A experiência é fundamental para se perceber bem de que forma são as coisas da vida. E isto sem ser necessário experienciar tudo. O que também não seria possível. As coisas são por grupos. Por temas, melhor dizendo. A amizade, por exemplo, é reconhecidamente um tema.
Quando era pequena, e até ao fim da adolescência, pensava que todos os meus amigos eram meus amigos. Depois percebi que só alguns amigos é que eram meus amigos. Até que finalmente conclui que há amigos verdadeiros que deixam de o ser porque acaba o querer baseado na visão a dois, que cedeu. E, a final, ficam os verdadeiros amigos. Acredito que cada pessoa tem para si um destes. De outro modo, lamento muito.
Imagino que tenho um ar sensível e compreensivo. Digo isto porque as pessoas em geral me procuram para ajudar. Vejamos: querem sobretudo contar episódios da sua vida privada, tendo obviamente em vista “despejar o saco”. Com mais ou menos vergonha. E eu não me lembro de nenhum caso em que, tendo produzido uma opinião, a mesma fosse ouvida. Quem diz uma opinião refere-se a um conselho. As pessoas não vêm desabafar para ouvir conselhos. As pessoas não vêm desabafar para ouvir, ponto.
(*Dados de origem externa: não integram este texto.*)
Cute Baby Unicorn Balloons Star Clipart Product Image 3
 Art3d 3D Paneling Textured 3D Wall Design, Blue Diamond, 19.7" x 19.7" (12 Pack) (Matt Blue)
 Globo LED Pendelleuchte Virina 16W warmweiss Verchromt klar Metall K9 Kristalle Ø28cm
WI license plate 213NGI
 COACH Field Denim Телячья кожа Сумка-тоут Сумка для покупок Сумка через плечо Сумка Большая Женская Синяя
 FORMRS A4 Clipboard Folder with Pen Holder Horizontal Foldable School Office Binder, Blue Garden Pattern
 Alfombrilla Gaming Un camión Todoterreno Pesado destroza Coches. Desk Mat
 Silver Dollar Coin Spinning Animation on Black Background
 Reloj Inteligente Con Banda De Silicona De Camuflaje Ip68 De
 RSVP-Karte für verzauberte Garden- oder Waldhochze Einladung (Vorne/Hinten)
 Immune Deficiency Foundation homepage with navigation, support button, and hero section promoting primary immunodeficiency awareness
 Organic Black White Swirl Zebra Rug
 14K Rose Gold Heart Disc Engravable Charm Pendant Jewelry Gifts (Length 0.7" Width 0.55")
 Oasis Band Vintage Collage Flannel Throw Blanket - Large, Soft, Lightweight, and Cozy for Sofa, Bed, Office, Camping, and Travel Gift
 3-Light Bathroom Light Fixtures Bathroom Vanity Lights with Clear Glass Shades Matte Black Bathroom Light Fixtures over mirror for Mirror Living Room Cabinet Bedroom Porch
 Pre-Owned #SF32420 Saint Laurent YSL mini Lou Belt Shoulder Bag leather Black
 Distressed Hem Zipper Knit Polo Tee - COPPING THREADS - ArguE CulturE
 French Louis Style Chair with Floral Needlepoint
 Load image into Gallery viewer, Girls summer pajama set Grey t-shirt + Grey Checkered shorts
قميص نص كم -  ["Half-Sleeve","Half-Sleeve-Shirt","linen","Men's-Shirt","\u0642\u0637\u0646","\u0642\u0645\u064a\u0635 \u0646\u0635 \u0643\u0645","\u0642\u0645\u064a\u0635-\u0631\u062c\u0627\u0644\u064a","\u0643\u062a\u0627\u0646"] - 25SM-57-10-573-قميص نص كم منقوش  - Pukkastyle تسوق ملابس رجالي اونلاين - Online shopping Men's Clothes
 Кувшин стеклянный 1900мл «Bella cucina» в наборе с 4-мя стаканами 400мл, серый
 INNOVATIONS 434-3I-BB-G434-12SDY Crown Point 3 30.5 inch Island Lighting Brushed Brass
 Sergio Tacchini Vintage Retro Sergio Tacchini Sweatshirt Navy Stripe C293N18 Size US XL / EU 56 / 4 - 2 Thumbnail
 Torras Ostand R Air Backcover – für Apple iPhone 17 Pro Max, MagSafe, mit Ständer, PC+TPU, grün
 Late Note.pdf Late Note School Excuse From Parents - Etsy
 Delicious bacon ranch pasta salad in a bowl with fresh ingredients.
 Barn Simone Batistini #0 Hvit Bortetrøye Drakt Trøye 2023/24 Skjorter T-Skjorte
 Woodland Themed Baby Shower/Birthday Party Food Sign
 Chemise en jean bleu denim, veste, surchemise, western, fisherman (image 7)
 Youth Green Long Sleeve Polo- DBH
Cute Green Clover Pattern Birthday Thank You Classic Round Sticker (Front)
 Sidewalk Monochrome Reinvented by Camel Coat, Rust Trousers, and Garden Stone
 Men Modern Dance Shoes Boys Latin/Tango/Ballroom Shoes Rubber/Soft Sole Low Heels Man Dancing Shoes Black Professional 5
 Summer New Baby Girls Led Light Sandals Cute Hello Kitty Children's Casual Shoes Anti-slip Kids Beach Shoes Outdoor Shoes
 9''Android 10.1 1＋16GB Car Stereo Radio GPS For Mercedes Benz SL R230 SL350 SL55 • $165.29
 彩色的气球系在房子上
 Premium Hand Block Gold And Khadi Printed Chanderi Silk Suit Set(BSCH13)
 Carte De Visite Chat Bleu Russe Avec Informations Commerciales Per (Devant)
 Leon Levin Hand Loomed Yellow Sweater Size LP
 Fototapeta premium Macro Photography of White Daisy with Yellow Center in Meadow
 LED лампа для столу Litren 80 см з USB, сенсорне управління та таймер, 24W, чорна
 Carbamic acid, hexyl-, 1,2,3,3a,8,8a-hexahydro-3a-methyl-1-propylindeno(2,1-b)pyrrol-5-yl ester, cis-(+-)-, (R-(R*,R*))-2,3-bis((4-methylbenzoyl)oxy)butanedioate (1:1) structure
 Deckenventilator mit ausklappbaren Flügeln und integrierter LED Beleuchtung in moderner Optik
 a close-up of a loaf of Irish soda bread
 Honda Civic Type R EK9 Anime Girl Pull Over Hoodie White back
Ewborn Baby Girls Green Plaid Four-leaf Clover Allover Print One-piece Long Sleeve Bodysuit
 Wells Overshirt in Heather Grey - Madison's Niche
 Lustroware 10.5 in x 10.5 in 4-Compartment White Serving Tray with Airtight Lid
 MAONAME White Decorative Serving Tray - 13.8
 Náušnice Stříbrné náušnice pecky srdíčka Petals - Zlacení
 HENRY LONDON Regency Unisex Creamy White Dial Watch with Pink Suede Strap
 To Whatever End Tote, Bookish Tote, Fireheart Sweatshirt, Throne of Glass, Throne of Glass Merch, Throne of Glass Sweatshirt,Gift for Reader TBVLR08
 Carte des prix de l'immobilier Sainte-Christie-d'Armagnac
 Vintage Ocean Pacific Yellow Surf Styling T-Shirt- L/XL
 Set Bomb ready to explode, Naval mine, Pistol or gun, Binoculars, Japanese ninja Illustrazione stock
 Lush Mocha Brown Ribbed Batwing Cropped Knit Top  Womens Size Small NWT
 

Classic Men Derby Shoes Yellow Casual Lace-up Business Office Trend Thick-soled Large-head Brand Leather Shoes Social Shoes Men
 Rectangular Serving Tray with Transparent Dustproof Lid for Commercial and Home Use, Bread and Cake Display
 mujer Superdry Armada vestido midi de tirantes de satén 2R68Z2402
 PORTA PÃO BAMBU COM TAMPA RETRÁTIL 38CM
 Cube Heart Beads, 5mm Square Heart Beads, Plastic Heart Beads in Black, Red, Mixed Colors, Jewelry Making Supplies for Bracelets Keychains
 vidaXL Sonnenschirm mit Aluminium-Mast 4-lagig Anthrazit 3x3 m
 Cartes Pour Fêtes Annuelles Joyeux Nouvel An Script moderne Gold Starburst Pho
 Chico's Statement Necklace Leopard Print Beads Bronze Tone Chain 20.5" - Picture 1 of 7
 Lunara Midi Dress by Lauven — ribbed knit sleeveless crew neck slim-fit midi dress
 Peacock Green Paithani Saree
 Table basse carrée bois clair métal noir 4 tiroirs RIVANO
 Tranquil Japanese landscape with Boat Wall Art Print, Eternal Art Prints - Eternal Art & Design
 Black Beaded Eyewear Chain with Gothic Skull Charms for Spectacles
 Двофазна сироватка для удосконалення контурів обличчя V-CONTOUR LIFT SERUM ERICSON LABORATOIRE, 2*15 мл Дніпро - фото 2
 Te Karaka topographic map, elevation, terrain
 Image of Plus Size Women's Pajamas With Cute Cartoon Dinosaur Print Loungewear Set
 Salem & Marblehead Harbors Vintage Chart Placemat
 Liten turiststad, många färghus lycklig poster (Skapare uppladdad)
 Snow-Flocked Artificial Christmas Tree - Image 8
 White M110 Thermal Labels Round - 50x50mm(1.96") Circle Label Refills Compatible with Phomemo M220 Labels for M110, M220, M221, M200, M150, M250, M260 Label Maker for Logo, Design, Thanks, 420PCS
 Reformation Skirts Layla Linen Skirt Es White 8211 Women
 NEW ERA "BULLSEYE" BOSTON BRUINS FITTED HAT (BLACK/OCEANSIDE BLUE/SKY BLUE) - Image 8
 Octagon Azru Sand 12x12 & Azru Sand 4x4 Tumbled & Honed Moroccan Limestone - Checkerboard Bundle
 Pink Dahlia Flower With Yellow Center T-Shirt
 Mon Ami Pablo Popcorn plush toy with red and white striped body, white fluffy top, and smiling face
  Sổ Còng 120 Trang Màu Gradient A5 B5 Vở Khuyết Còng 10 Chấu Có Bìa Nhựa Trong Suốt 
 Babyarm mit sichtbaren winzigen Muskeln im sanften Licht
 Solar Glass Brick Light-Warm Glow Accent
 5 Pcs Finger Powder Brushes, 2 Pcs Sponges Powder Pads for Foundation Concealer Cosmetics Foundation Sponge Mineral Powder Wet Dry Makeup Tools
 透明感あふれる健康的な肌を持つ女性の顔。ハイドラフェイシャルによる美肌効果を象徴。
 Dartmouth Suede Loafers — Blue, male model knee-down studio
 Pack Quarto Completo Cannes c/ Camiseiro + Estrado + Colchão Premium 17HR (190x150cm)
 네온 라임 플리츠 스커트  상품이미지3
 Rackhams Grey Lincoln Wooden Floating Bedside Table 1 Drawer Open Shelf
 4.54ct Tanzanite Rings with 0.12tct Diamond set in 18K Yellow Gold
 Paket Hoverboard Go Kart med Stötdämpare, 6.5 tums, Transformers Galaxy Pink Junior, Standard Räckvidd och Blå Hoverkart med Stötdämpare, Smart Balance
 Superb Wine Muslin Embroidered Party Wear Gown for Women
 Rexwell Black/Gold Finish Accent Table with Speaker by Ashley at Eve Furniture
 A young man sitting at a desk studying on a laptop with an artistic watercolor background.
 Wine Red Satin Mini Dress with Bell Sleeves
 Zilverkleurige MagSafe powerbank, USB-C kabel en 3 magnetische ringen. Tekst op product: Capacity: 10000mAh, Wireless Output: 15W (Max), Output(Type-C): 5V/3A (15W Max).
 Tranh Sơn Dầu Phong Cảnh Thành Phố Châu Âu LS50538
No outro dia ofereci o meu café ainda intocado a uma senhora que, infelizmente, não era boa da cabeça. É que ela foi explicando que todos os dias ia à ginástica ali mesmo ao lado, mas nunca bebia café. Achei, então, que era uma boa razão para beber o meu. Depois pensei em arranjar um outro para mim. E depois, por fim, esqueci-me.
O tempo está instável como eu já fui. Muitas vezes, a minha mãe dizia que se ia embora de casa. Hoje percebo que era coisa que lhe saia pela boca quando estava enervada com o meu pai. O que igualmente sucedia muitas vezes. Chegava mesmo ao ponto de se ausentar, de vez em quando, para casa da irmã mais velha. Depois voltava, como sempre.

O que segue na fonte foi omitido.